[Records contained in a dataset]
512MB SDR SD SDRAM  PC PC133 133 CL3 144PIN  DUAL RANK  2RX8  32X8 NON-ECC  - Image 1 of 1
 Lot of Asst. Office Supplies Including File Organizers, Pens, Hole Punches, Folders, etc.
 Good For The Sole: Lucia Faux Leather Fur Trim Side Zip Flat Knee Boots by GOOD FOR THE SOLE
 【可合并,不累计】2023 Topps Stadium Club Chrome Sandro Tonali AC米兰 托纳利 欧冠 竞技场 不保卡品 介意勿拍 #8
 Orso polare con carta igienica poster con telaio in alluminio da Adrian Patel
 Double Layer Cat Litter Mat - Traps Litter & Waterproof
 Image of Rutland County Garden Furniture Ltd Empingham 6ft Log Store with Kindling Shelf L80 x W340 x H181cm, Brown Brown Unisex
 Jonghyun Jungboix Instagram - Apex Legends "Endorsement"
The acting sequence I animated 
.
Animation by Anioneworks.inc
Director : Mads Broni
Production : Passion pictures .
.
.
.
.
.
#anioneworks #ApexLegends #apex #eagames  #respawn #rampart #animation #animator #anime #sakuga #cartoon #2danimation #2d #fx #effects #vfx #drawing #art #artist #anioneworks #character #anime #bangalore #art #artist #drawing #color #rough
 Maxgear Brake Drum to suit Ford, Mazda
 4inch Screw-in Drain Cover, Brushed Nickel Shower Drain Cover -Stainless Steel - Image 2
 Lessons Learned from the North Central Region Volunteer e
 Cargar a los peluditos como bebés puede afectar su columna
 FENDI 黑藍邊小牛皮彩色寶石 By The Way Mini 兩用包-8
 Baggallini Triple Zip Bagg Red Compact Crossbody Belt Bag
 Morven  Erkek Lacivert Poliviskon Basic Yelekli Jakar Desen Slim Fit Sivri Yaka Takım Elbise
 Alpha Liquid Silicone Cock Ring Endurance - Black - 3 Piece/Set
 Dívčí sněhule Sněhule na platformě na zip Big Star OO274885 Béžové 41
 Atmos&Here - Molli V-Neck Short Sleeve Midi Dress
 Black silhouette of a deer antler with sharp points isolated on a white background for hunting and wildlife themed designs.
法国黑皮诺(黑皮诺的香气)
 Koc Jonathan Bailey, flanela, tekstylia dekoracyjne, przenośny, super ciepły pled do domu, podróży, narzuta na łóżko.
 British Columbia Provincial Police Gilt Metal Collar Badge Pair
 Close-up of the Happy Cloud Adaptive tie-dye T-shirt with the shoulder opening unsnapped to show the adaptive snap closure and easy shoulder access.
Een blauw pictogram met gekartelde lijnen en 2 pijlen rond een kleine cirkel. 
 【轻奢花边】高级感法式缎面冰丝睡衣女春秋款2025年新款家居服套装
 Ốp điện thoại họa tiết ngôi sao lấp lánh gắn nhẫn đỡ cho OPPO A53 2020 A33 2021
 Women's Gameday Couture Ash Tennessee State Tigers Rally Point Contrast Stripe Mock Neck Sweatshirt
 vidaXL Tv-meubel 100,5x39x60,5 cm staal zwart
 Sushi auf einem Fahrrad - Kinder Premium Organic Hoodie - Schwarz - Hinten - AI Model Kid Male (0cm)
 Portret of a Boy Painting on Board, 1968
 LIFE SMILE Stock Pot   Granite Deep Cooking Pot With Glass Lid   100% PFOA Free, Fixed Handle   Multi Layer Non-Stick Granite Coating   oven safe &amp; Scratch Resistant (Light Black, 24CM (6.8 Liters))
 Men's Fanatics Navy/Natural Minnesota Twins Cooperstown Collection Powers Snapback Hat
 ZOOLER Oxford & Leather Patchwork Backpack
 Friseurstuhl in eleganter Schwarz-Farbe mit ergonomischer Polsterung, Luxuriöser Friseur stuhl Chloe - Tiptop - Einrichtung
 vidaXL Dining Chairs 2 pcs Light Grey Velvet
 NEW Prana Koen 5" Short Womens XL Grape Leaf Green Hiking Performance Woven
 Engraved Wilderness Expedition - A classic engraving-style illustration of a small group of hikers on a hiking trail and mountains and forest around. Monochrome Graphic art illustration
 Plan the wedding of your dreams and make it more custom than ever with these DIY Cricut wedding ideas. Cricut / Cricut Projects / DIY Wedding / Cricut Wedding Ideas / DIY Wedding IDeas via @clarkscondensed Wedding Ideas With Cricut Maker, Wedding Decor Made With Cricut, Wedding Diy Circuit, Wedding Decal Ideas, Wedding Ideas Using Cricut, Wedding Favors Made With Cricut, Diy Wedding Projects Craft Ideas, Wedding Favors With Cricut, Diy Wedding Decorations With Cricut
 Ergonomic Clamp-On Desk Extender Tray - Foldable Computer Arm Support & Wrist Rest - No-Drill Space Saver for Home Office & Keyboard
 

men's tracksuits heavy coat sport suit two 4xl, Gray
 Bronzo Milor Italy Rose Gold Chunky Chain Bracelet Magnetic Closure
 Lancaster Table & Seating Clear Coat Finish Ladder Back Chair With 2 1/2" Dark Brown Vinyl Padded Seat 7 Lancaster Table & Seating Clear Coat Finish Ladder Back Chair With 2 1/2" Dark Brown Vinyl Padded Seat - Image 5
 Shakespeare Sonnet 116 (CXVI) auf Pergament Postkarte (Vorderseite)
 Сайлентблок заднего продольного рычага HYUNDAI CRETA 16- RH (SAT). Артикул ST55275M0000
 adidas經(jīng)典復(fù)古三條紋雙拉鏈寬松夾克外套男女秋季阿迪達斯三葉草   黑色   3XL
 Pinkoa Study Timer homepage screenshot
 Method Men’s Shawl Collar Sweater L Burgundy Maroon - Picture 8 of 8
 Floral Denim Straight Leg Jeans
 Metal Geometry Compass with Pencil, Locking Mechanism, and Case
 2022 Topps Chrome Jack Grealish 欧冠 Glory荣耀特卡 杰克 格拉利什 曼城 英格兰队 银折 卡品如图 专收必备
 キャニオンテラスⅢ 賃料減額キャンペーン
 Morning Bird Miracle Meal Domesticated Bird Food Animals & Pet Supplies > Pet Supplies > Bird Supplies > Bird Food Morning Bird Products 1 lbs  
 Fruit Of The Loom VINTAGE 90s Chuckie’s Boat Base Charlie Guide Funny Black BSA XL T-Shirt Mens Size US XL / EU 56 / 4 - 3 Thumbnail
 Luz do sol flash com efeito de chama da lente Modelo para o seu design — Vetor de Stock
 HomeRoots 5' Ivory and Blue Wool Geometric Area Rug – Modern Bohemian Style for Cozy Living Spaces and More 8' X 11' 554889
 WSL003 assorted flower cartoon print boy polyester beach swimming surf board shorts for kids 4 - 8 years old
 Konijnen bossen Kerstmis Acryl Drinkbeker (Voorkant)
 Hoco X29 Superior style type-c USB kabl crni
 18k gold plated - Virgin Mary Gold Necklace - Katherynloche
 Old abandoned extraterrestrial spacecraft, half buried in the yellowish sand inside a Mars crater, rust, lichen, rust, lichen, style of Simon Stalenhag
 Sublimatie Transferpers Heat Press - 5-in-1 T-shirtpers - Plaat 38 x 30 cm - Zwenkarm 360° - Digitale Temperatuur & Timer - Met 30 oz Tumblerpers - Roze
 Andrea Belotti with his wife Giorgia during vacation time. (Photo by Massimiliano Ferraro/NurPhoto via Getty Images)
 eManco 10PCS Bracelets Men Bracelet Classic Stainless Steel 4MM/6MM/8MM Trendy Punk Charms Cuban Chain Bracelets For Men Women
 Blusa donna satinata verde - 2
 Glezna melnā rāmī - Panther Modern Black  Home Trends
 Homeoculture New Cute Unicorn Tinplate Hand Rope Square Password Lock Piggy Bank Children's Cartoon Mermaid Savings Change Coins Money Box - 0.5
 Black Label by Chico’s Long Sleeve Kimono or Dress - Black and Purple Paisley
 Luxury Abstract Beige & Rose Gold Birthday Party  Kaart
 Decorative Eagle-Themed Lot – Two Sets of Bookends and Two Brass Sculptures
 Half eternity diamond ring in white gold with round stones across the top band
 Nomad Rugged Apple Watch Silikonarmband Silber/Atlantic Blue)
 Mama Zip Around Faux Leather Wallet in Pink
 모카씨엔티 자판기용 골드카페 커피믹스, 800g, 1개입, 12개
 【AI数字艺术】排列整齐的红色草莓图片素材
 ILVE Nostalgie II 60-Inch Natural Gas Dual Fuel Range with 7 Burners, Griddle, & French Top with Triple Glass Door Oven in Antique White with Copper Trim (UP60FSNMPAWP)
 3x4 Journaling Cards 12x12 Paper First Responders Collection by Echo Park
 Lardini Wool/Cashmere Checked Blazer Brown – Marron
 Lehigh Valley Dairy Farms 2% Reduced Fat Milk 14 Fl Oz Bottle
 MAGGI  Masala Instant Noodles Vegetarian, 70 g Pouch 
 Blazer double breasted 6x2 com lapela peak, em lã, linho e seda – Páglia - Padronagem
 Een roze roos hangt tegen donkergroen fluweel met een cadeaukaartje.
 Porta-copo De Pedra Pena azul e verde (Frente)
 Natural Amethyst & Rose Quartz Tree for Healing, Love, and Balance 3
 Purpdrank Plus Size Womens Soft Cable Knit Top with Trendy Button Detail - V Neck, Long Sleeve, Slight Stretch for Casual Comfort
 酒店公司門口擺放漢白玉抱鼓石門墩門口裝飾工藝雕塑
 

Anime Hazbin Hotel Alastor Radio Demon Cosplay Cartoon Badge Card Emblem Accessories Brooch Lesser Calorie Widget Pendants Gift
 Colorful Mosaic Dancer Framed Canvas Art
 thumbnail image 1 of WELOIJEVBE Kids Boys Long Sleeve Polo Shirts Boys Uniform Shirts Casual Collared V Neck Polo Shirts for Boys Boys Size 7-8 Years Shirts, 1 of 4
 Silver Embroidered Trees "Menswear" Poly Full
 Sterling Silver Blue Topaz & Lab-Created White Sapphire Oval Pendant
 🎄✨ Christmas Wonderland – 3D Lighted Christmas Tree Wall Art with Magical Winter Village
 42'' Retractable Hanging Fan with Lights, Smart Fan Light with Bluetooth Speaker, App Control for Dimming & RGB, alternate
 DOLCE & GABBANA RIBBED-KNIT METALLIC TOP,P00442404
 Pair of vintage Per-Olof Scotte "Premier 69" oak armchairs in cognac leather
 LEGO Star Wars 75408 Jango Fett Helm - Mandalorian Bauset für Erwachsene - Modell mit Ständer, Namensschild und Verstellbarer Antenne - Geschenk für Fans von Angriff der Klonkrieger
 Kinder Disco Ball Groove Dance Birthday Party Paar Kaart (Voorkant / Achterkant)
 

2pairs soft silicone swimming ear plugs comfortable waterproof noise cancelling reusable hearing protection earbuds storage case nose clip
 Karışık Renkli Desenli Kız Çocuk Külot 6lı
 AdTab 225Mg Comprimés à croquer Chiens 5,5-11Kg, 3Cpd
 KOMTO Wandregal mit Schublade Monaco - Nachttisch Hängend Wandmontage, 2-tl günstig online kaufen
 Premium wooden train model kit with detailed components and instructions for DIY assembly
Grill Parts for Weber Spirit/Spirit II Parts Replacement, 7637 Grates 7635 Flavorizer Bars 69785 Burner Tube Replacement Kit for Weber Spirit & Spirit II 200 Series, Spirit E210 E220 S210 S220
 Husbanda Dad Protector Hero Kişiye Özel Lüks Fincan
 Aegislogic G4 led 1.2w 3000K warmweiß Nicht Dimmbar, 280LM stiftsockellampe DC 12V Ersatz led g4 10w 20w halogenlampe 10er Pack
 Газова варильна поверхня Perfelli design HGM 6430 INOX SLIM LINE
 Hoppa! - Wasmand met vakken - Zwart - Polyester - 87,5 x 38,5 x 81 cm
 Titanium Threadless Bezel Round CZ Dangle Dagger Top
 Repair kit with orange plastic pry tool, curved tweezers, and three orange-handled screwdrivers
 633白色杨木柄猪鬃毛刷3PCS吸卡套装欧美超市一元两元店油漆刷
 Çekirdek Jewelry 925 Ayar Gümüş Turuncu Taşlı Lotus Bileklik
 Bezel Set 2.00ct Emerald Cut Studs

### Assigned task
Every line that contains "Casual" should be copied out of the data.

### Result
 Purpdrank Plus Size Womens Soft Cable Knit Top with Trendy Button Detail - V Neck, Long Sleeve, Slight Stretch for Casual Comfort
 thumbnail image 1 of WELOIJEVBE Kids Boys Long Sleeve Polo Shirts Boys Uniform Shirts Casual Collared V Neck Polo Shirts for Boys Boys Size 7-8 Years Shirts, 1 of 4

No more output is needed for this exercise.